News10NBC Investigates: City of Rochester renews community power program
ROCHESTER, N.Y. — If you live in the City of Rochester, you may be paying more for your electricity than you realize.
The City recently renewed a program that automatically enrolls residents in a plan where half of your energy supply comes from renewable sources. While the program may help the environment, it won’t help your wallet, at least not right now.
The City renewed its Community Choice Aggregation program — which is administered by Joule Community Power —for another 27 months. Joule buys electricity on behalf of residential and small commercial customers in Rochester and then charges a fixed rate per kilowatt hour for it. The new rate is higher than it was in the past, and currently about 30% more than the supply charge for those who stick with RG&E.
As is the case with most CCA programs, residents are automatically enrolled in a default option through the CCA, unless they explicitly opt-out.
“If I was to go with just the default rate, just the default, I would be paying $536 more annually in my energy bill and that’s quite a bit of money,” says Mike Reinhardt, a city resident.

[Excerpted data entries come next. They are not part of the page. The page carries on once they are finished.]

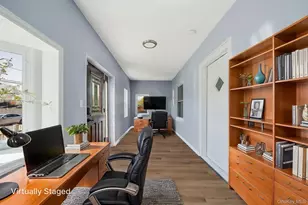 26 Rosedale Ave, Freeport, NY 11520 - Photo 20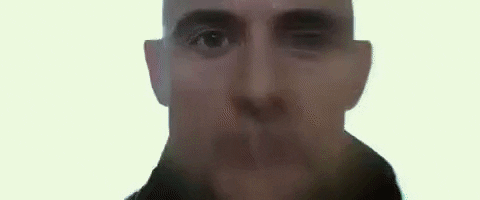 the brothers grimsby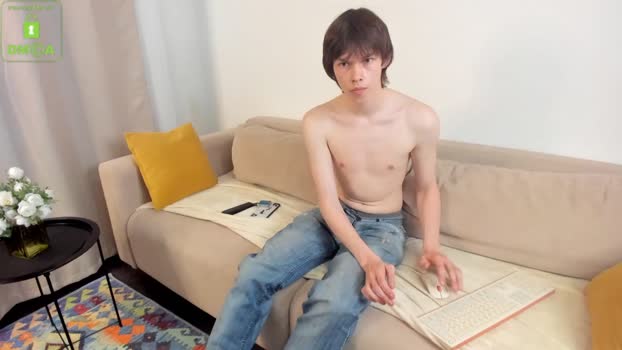 kevin_key 10-07-2024 video lick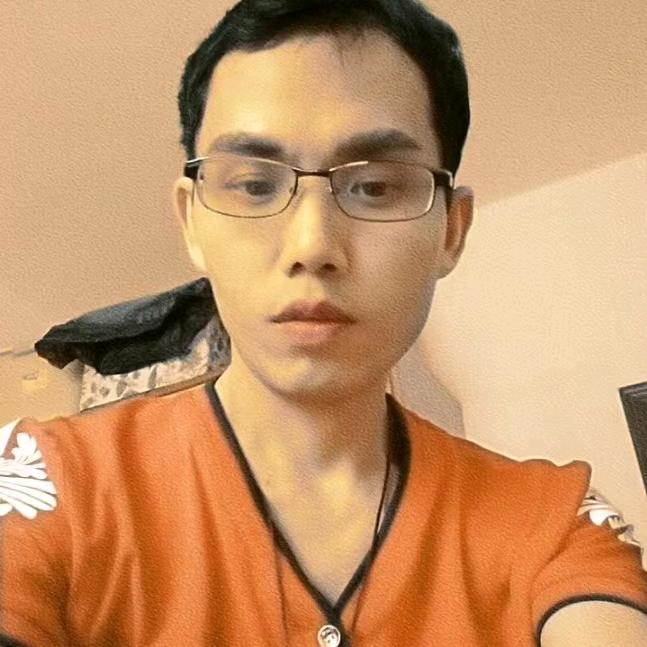 云舞辉扬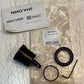 NMO Coil 3dB 144-174 NMO150BCO Loading Coil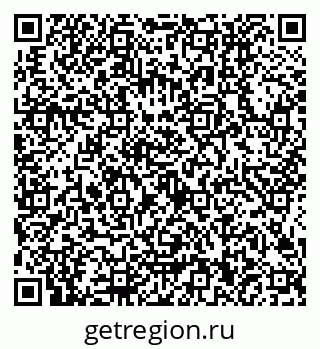 79634400150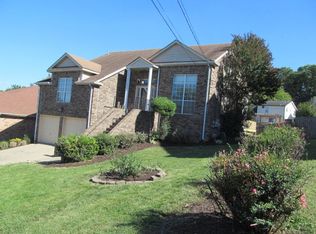 704 Leadenhall Ct, Antioch, TN 37013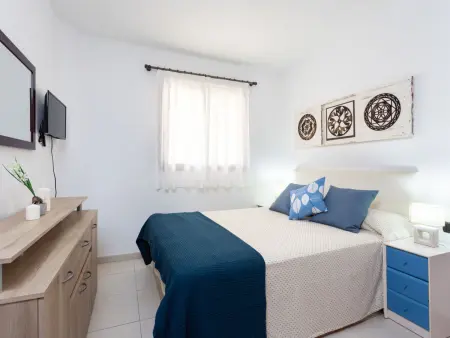 Appartement vue mer Sea view Drilasol - Photo 4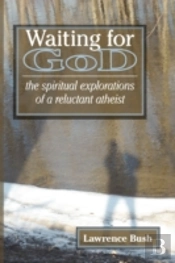 Waiting For God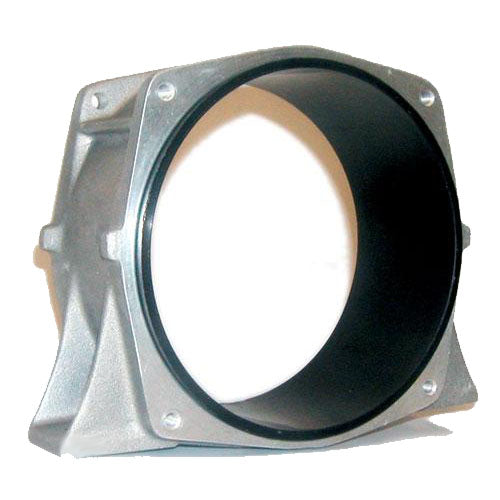 Yamaha Impeller Housing - 003-505-01 / 64Y-51312-00-94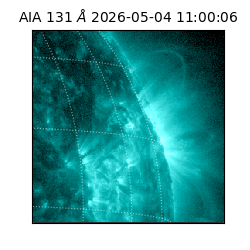 saia - 2026-05-04T11:00:06.620000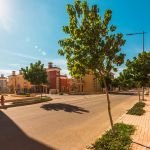 Apartment 97 m² (2-bedroom) for sale in Nyoum October, Northern Expansion, Egypt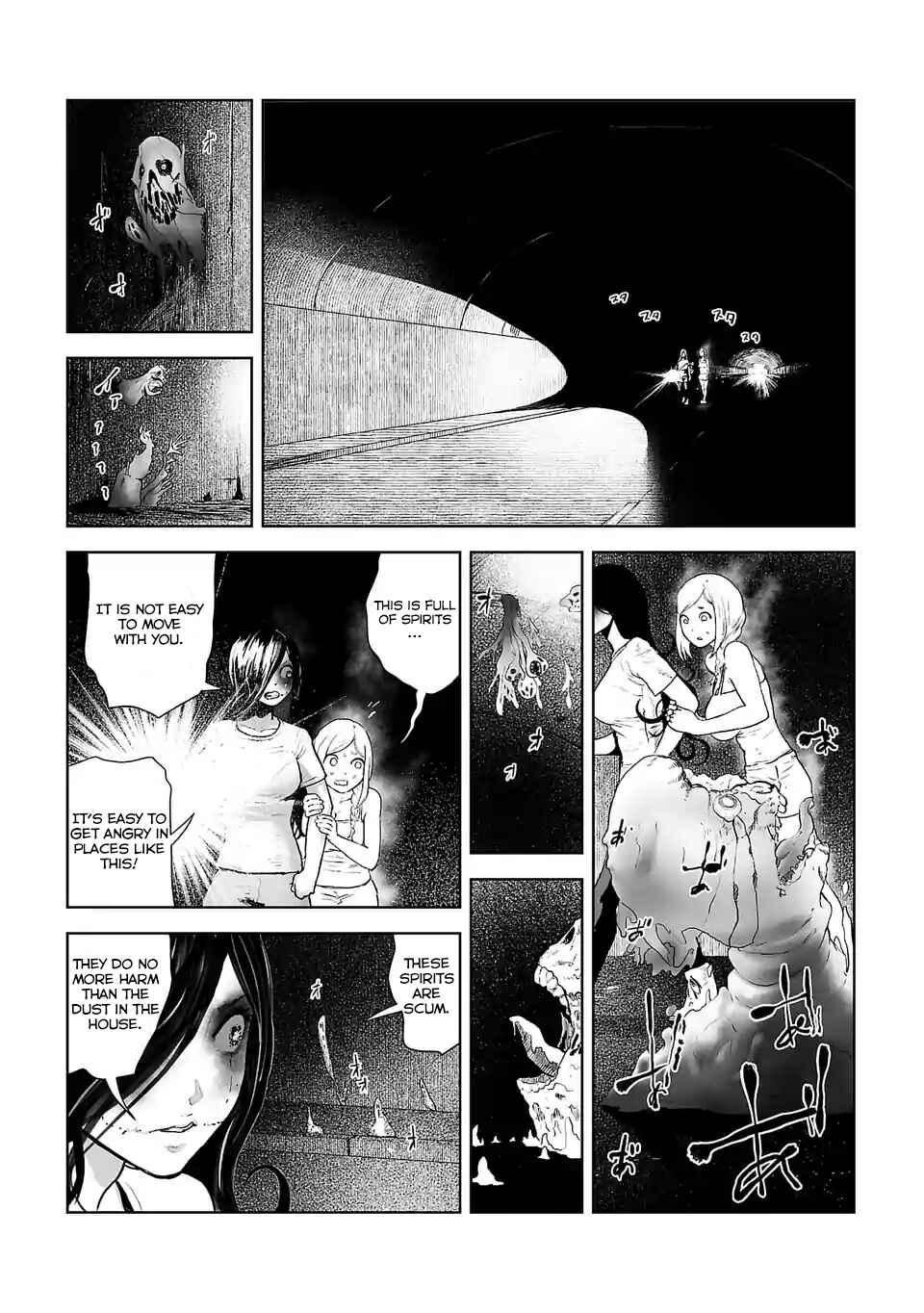 Chapter 3 - Page 15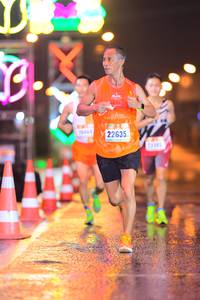 BIB: 28464, 22635
                            <button type="button" onclick="openModal(16746101)" class="btn btn-primary btn-sm float-right btn-popup" data-toggle="modal" data-target=".modal-high-quality">
                        <i class="fas fa-shopping-cart"></i> Add to Cart
                    </button>
                                            <button type="button" onclick="isThisMe(16746101, true)" class="btn btn-success btn-sm float-right btn-popup btn-isme hidden" data-toggle="tooltip" data-placement="bottom" title="นี่คือรูปของคุณใช่ไหม คลิกที่นี่เพื่อเอาเข้าอัลบั้ม">
                        <i class="fas fa-plus"></i> Add to album
                    </button>
                    <button type="button" onclick="isThisMe(16746101, false)" class="btn btn-warning btn-sm float-right btn-popup btn-isnotme hidden">
                        <i class="fas fa-ban"></i> Remove from album
                    </button>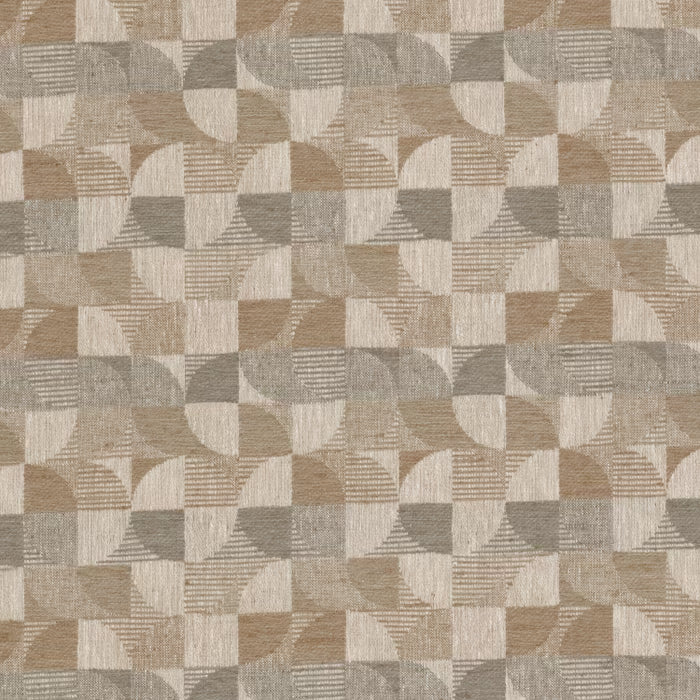 SWOO-1 STOUT SWOOSH 1 RAFFIA RAFFIA UPHOLSTERY
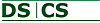 Grafik/Internetdesign/Schulungen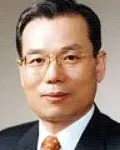 금융인인 정태석의 대표 이미지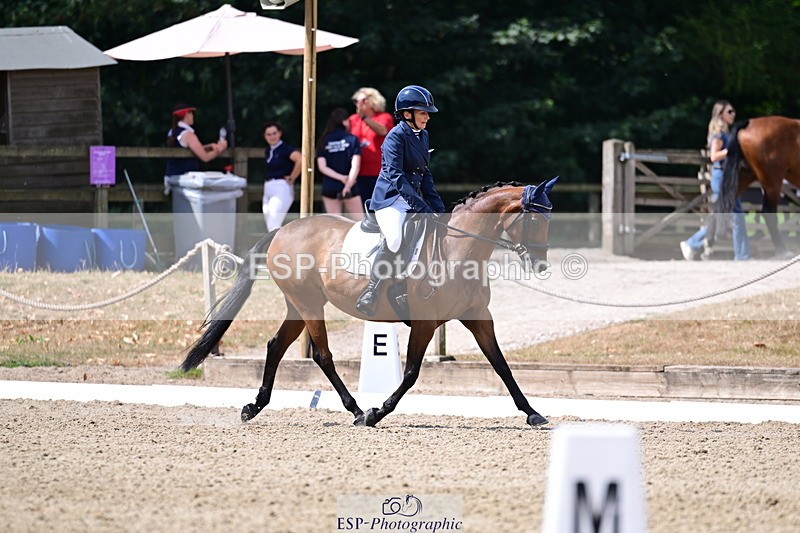 260802A-111634-05890 - Novice Bronze break- break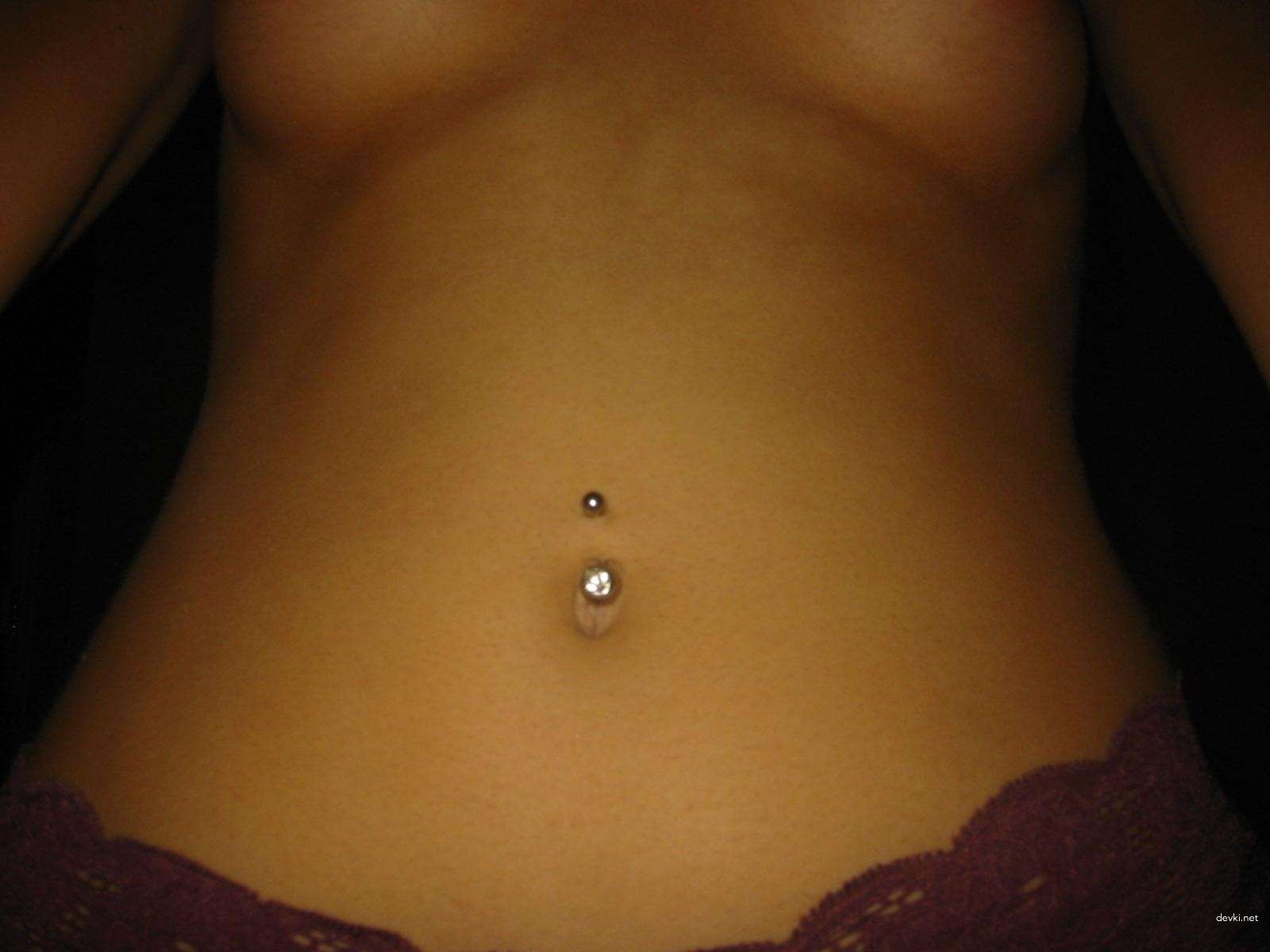 Amateur Girl Sucks Cock and Gets Anal Fucked - Explicit Homemade Porn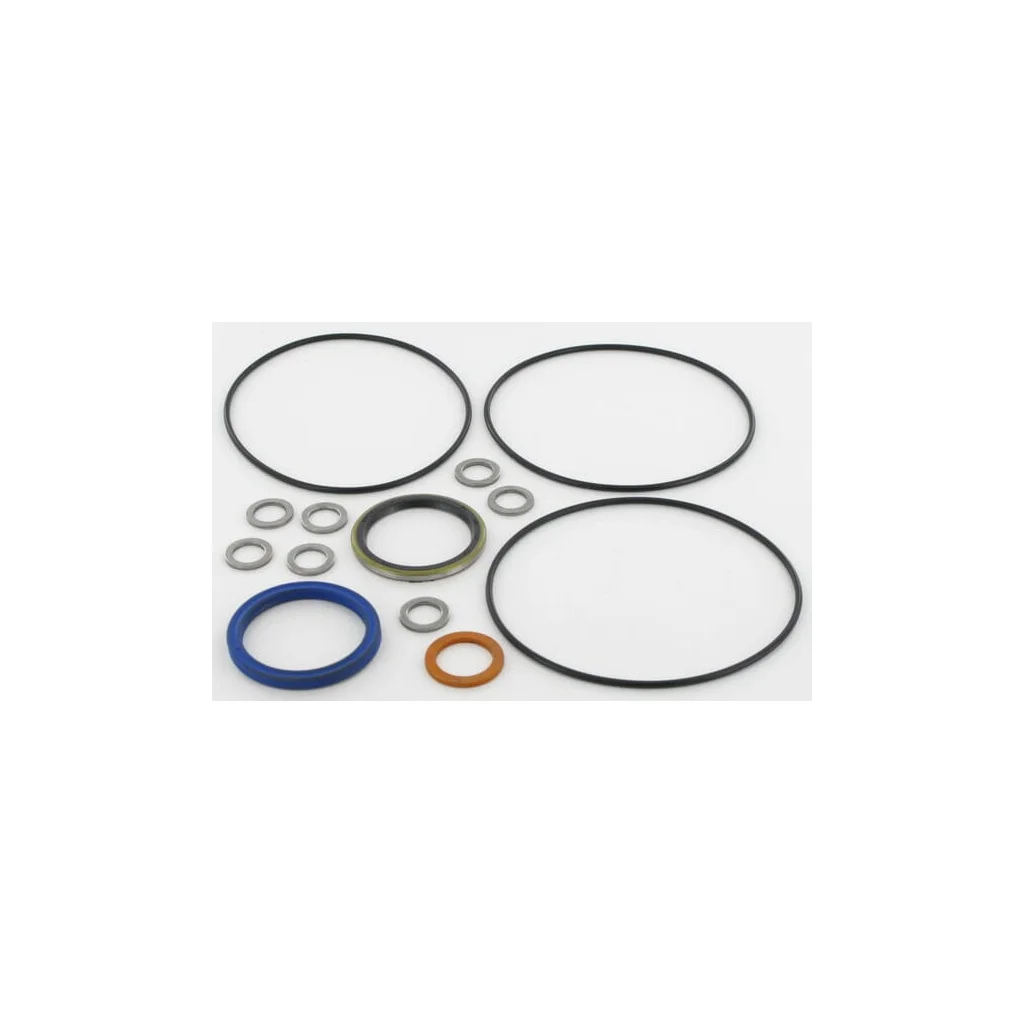 Set de garnituri pentru motor hidraulic, Mullos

The default rate is higher because at least 50% of the supply comes from renewable sources. Reinhardt worries about people who may have gotten the mailing and thought it was junk.
“Can you afford to support 50% renewable energy? We all want to do our part, but sometimes it’s just not feasible,” he says.
Only customers who are already using an ESCO (Energy Service Company) for the supply of their electricity, or those who are currently on a payment plan with RG&E, are not automatically rolled over.
“How as a consumer, with all the consumer protections we have in this state, where it’s almost overboard, how can this be?” wonders Reinhardt.
A spokesperson from the New York State Public Service Commission, which oversees utilities and ESCOs has told News10NBC:
“The Commission created the CCA program as opt-out rather than opt-in to speed development of this critically important program given the fact that it provides significant benefits to participating customers, either through savings on their energy supply costs and/or through the provision of additional product offerings such as renewable energy. If customers are dissatisfied with the CCA program for any reason, they can quickly and easily leave.”
In this case, there won’t be any immediate savings for customers. The fixed-rate is currently three cents higher per kilowatt, hour compared to RG&E’s current variable rate.
Even if you want a 50% renewable option, there are a number of other ESCOs offering products to individual customers with a much lower rate.
“The first two I searched have 50% renewable energy and they’re both at roughly five cents, just a little bit over five cents per kilowatt hour,” explains Reinhardt.
“The price is fixed for the electricity supply for the term of the CCA contract, unlike the RG&E supply price which fluctuates daily. While savings aren’t guaranteed, over the term of the agreement there may be times where the supply rate is higher or lower than the RG&E rate. The 50% NYS renewable is the default supply option, but customers can select the conventional supply option if they choose to do so for a lower fixed rate. Or there is a 100% renewable option at a higher price. Also remember that CCA is only for electricity supply, and doesn’t include RG&E electricity delivery costs, or natural gas supply or delivery. So, it’s just a portion of the overall RG&E bill,” says a spokesperson for the City of Rochester.